Disturbo della crescita, le conseguenze e l’incidenza in Calabria. E poi le difficoltà di diagnosi, gli strumenti di prevenzione e l’incidenza dello stato di disagio e di svantaggio economico delle famiglie. È attorno a questi temi che si è sviluppata l’intervista a Massimo Barreca, Endocrinologo Pediatrica all’Asp di Cosenza. Abbiamo chiesto a lui di spiegarci cos’è il disturbo della crescita e come è possibile comprenderlo e poi curarlo.
Dottore, che cosa si intende per disturbo della crescita?
La crescita come è ovvio intendere, è un processo dinamico, e noi pediatri abbiamo il privilegio di poterla osservare nel suo avanzamento. Essa inizia al momento del concepimento e si conclude con la maturazione sessuale. Durante il primo anno di vita la crescita è estremamente rapida, con un aumento dell’altezza del 50% rispetto alla nascita. Durante il secondo anno, invece, la velocità di crescita rallenta (1 cm/mese) per poi stabilizzarsi, dopo il secondo anno e per tutto il periodo prepubere, ad una velocità di circa 5 cm l’anno. Nel periodo prepuberale vi è un nuovo rallentamento ma, raggiunti i 10-14 anni, si assiste ad un netto incremento della velocità di crescita (9-10 cm/anno), che rappresenta lo scatto accrescitivo puberale (Growth Spurt).
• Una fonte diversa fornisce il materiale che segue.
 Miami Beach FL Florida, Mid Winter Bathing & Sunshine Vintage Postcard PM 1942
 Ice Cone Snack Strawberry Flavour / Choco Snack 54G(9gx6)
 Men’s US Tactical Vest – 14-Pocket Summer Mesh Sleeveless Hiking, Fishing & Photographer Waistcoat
Questo dura all’incirca 2 anni e consente un incremento in altezza di circa 18 cm nella femmina e di fino a 20-25 cm nel maschio. Quando un bambino/adolescente non rispetta queste tappe o si discosta molto dai limiti superiori ed inferiori della popolazione di riferimento parliamo di un disturbo di crescita.
Quali conseguenze possono determinare i problemi di crescita dei bambini?
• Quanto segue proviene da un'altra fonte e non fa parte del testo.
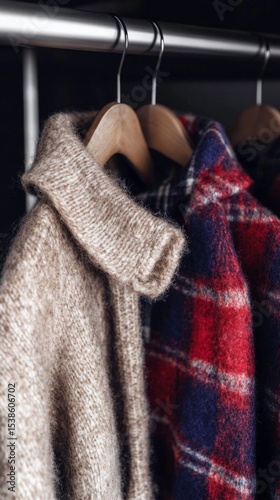 Cozy flannel and woolen jackets hanging on wooden hangers in closet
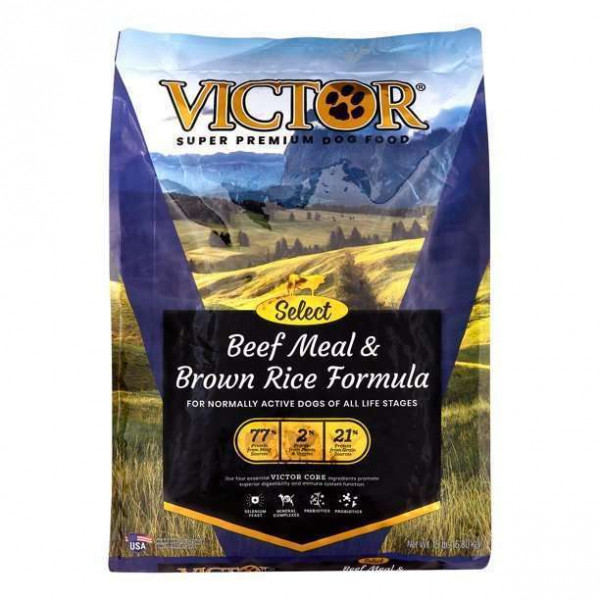 VICTOR 牛肉糙米配方全犬糧 以優質牛肉粉為主要蛋白質來源，可為正常活動水平的狗提供營養支持。 SELECT系列配方可容易為您的狗提供多種口味作替換，適用於各個成長階段的大型和小型犬。VICTOR 牛肉糙米配方全犬糧 滿足 AAFCO 在所有成長階段的狗糧營養所建立的營養水平，包括大型犬的生長（成年時體重不超過70磅）。   <ul> <li>所有成長階段配方均以優質牛肉粉為主要蛋白質來源</li> <li>對其他肉類蛋白質過敏的狗的理想選擇</li> <li>非常適合正常活動水平的狗隻</li> <li>富含維生素，礦物質，必需脂肪酸，蛋白質和氨基酸</li> <li>配製有我們科學先進，經過驗證的VICTOR核心成分</li> <li>由無麩質穀物製成</li> </ul>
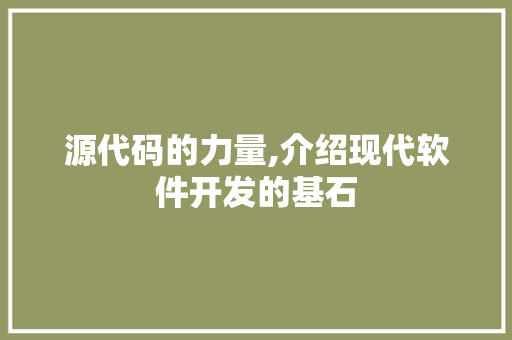 源代码的力量,介绍现代软件开发的基石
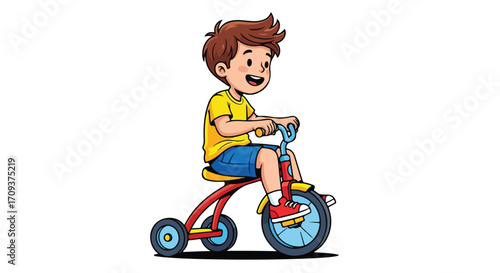 Boy Riding a Tricycle Cartoon.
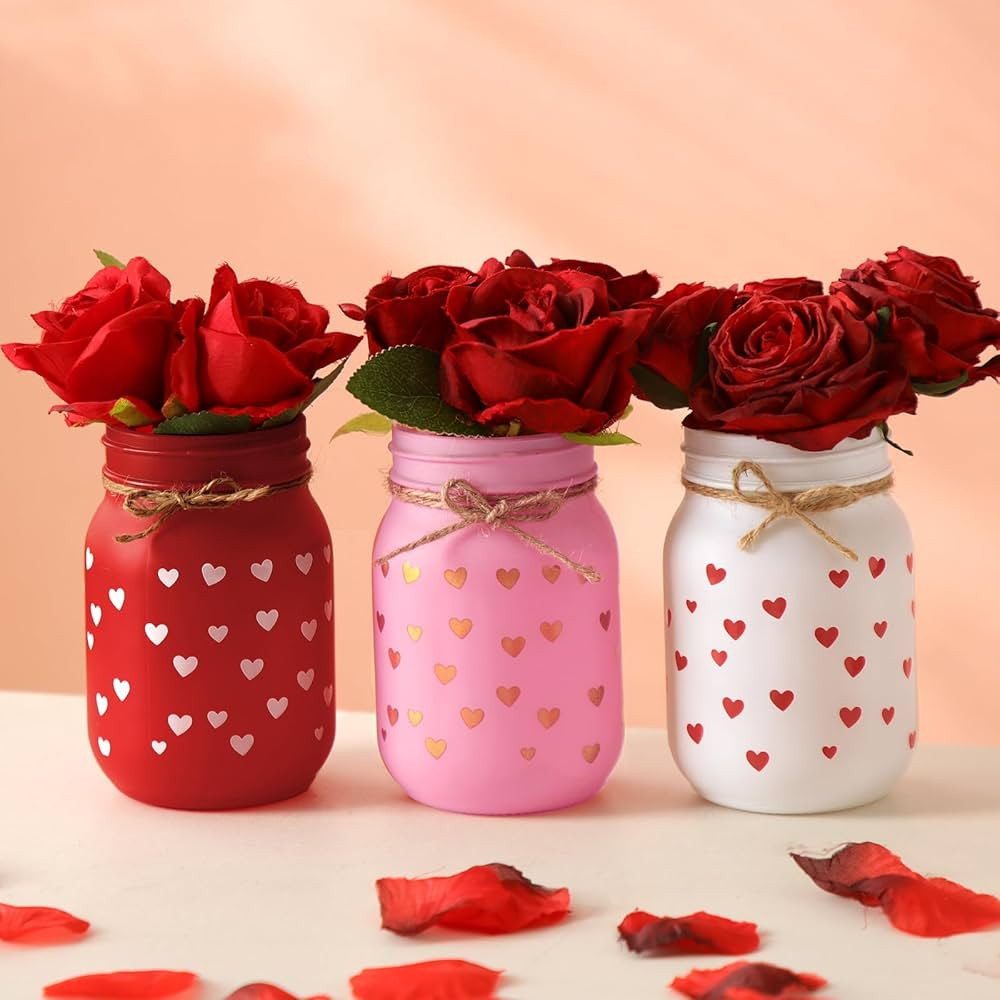 Nitial 3 Pcs Valentine's Day Mason Jar Centerpiece for Table, Mason Jars Farmhouse Decoration Pai... | Amazon (US)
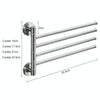 Stainless Steel Towel Bar Rotating Towel Rack Bathroom Kitchen Wall-mounted Towel Polished Rack Holder, Model:Brushed Four Poles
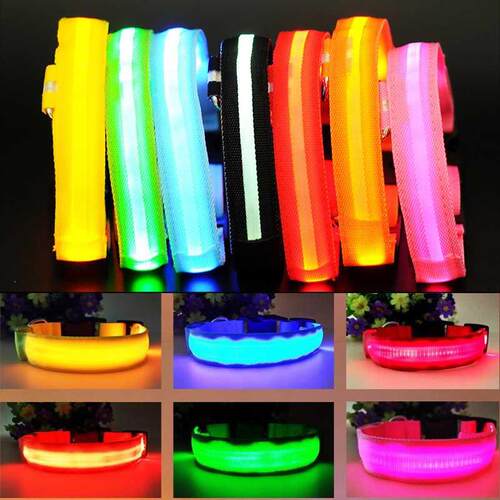 LED Dog Leash and Clar Glowing  Modes Pet Rope Night Safe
Le conseguenze possono essere diverse e dipendono dalla causa a monte del deficit di crescita. Provo a spiegarmi meglio. La crescita abbiamo detto essere un processo dinamico che si esplica in un lungo periodo di tempo. Affinché tutto si svolga in maniera naturale è necessario che ci sia una armoniosa interazione di fattori genetici, ambientali, nutrizionali, ormonali. I disturbi della crescita possono essere causati da molteplici situazioni: varianti normali di crescita, anomalie cromosomiche o genetiche, osteocondrodistrofie, malattie croniche sistemiche (pensiamo alla celiachia), malattie metaboliche, malattie endocrine. Ognuna di queste varianti avrà decorso e conseguenze diverse. Riconoscerle e trattare ciò che va trattato nei tempi e nei modi corretti evita possibili conseguenze psicologiche, metaboliche, sistemiche che quella condizione causerà nel tempo.
Ci sono casi in cui entrano in gioco anche fattori psicologici?
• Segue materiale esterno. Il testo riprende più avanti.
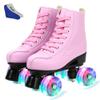 XUDREZ Roller Skates Womens, Shiny High Top PU Leather Classic Double-Row Roller Skates for Women and Men Adjustable Double Row 4 Wheels Indoor Outdoor Roller Skates for Beginner a Shoes Bag view 1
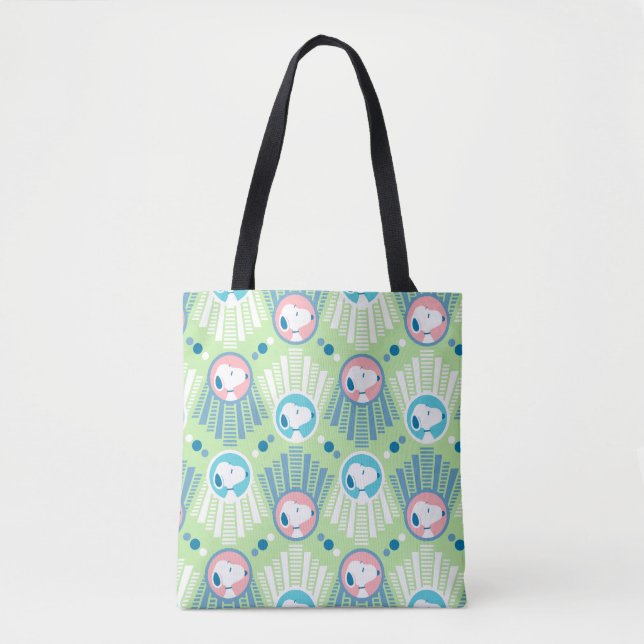 Peanuts | Snoopy Mint Green Deco Dreams Pattern Tote Bag (Front)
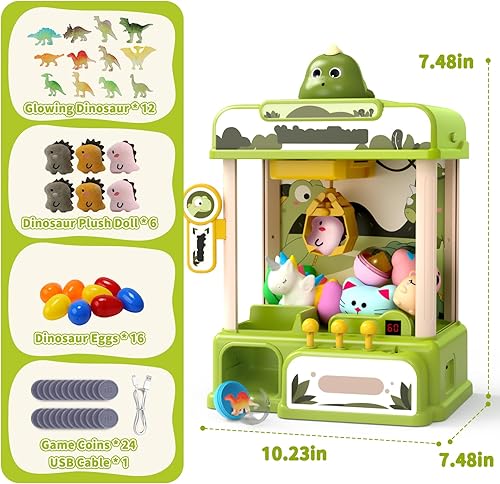 Miniatura 2 de Skirfy Máquinas de garra de dinosaurio para niños, máquina expendedora electrónica de juegos de arcada con 34 juguetes de dinosaurio y sonido,
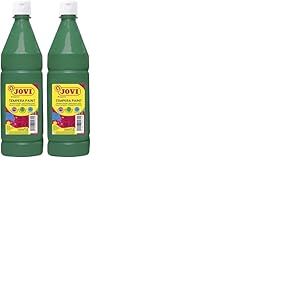 Jovi - Gouache liquide, bouteille de 1L, Couleur vert fonc&eacute;, Peinture &agrave; base d'ingr&eacute;dients naturels, Facile &agrave; laver, Sans gluten, Id&eacute;al pour l'&eacute;cole (51119) (Lot de 2)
Le principali valutazioni sui fattori psicologici presenti in letteratura scientifica sono rivolte alla popolazione adulta e gran parte delle ricerche si concentrano sulla valutazione della qualità di vita nei bambini che presentano una bassa statura da deficit di GH, pazienti per i quali è disponibile un trattamento migliorativo della situazione. Fatta questa premessa, le posso dire che là dove riscontrabili, le problematiche psicologiche in bambini/adolescenti che presentano scarsa crescita sono rappresentate da bassa autostima e sottovalutazione da parte di coetanei, insegnanti e genitori. Si tratta di soggetti che spesso sono presi in giro, respinti o eccessivamente protetti: sono più propensi a sperimentare l’isolamento e la discriminazione. Il bambino/adolescente con problemi di crescita può incontrare maggiori difficoltà nella vita sociale, nel mondo della scuola, con una tendenza ad interiorizzare i problemi risultando facile vittima di bullismo, o esternarli con manifestazioni di tipo sfida/aggressività (fumo, alcool per sentirsi accettato) o diventare a sua volta un bully-victim, ovvero la vittima che si comporta a sua volta da bullo (6% circa dei casi di bullismo). Tuttavia (e fortunatamente), ricerche recenti sostengono l’ipotesi che i bambini affetti da scarsa crescita riescano ad adattarsi alla condizione senza presentare nessuna delle problematiche psicosociali sopra esposte ad anche bambini e adolescenti più bassi possono raggiungere una buona qualità di vita.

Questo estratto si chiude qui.